First, the bug number you included is not an RSM2k bug.
I am wondering if you meant to refer to bug 4104543?  It discusses a "ghost" drive
as well.  To answer the question about this bug, we do not yet know what causes it to take 
place, except it showed up after an upgrade of RM software/firmware was done.
Now, if this is not the bug you are referring to, then all of this is moot, I suppose.
I will try to address your other issues.

> Date: Thu, 12 Mar 1998 13:58:20 -0500
> From: Frank Gutierrez <frankg@delphi.com>

> 
> Hi,
> 
> Im posting this question about the RSM here since
> I do not know if there is an specific RSM group,
> so here it goes:
> 
> I have an RSM 2000 with dual-active controller
> configuration. Recently, one of the controllers
> have been giving us problems. But instead of
> failing the controller, the RSM is marking multiple
> drives as bad (when in reality the controller is
> the one at fault). I did some searching on SunSolve
> and found bug id 4042763 that describes this problem
> but found no patch, or permanent fix for it. Is there
> a patch or an upgrade to the RSM software that fixes
> this so that controller failures are properly recognized
> and controller fail-over can occur?

First, how do you know that it is indeed a controller card causing the problem?
I can well believe that it would be the source of the issue, however, there is also
disk tray related hardware that has caused a good 90% of these anomalies with disks.
Have you verified the SEN card, the interface card, the scsi cable to the 'Sym1000 
controller chassis' as not the source of the problem?  Normally it is one of the above.
For instance, very simply, if the scsi cables are not "locked down' by their thumb screws 
securely, there can be anough vibration to back them off the connectors.  They may make 
intermittent connections, or none at all.
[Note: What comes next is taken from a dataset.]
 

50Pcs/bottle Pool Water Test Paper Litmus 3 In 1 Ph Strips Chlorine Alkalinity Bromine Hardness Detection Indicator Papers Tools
I have even had one site where the SEN card in a disk tray had been replaced, but when the 
person put the replacement into the unit, they neglected to seat the board all the way!
These things do (unfortunately) happen on occasion.
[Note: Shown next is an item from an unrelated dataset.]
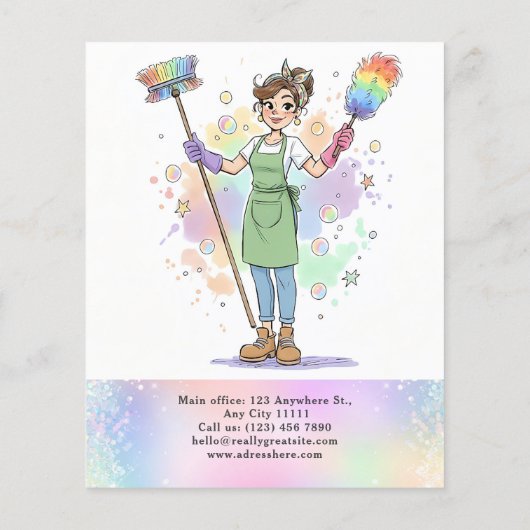 House Keeping Maid Cleaning Service Glitter Flyer チラシ (裏面)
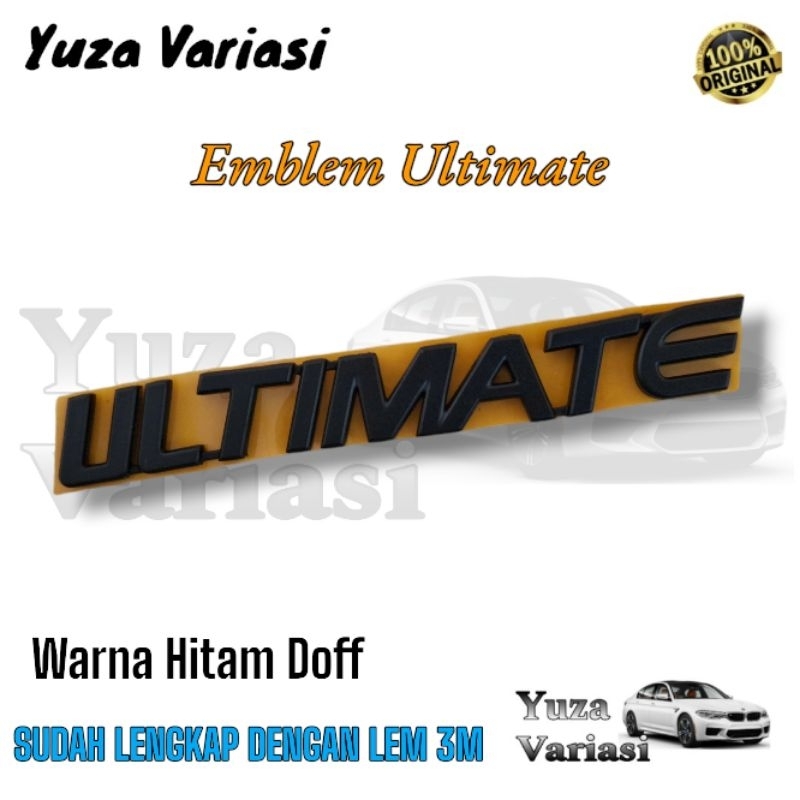 Emblem Tulisan Ultimate Hitam Doff Original // Emblem Tulisan Ultimate Original Hitam Doff // Logo E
Now, I stated that yes, it may well be a faulty controller card, if you believe this is the 
cause, then you should get a replacement.  As for a patch to make the software recognize the 
difference... well, all we can do is forward data on to the company that builds this device.
We have many requests filed for enhancements already.  I do not know if this is one area 
addressed or not.  This device can be confusing at best when trying to go by what the Recovery 
Guru is telling you, but there are also comands that can be used to further isolate what is 
really happening.  Keep in mind that the controller cards must communicate with the disks.
if any of the physical path to them is not-quite-correct, you will have these strange 
indications and behaviors.  This does include the controller card itself, as it has 
communications circuitry on it (for each scsi channel).

> 
> Also, I have 16 drives on this RSM (15 in 3 LUNS
> and hot spare). However, the RM6 tool seems to
> think that there are 17 drives in the Array and
> keeps complaining about an "unresponsive drive"
> which is, of course, this "ghost" drive. Is there
> any way to clear this drive? 

I would very much like to know about this drive.
What is it's "address"??  Was it always there?  Did it only appear after upgrading to RM6.1?
after firmware download?  when?  Any information you can provide will help us to further isolate 
what is happening.

Terrie Douglas
SMCC/CTE Engineer
Mass Storage Specialist
terrie.douglas@Eng.Sun.COM

> TIA for any help!
> 
> --
> Frank Gutierrez
> Harris Corporation